_YOUR OBJECTIVE_. Excluding images, repeat the data exactly as given.

_MATERIAL PROVIDED_.
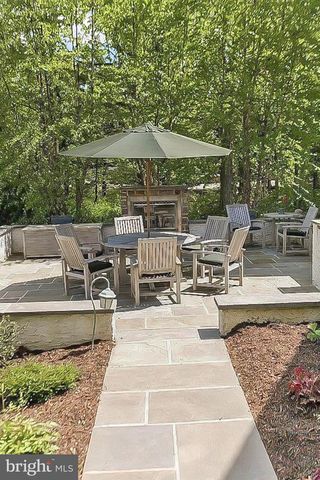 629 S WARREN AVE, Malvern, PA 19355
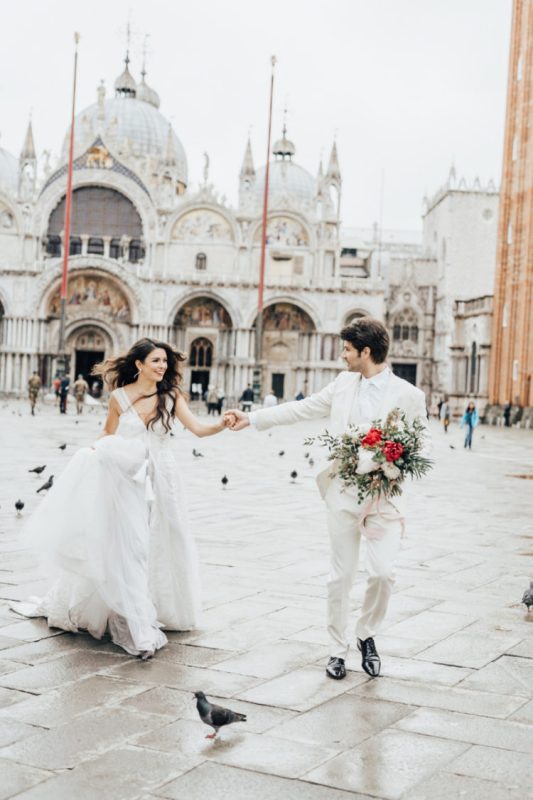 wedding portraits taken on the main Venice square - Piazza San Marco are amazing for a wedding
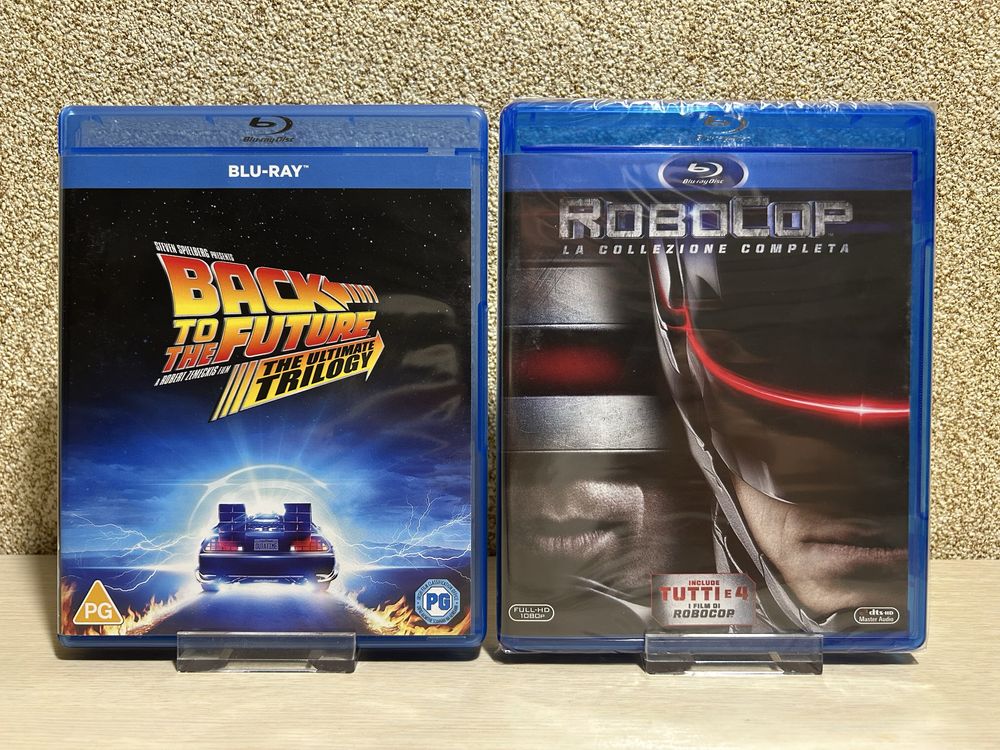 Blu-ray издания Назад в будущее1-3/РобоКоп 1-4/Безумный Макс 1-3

_RESPONSE TO THE EXERCISE_.
 629 S WARREN AVE, Malvern, PA 19355
 wedding portraits taken on the main Venice square - Piazza San Marco are amazing for a wedding
 Blu-ray издания Назад в будущее1-3/РобоКоп 1-4/Безумный Макс 1-3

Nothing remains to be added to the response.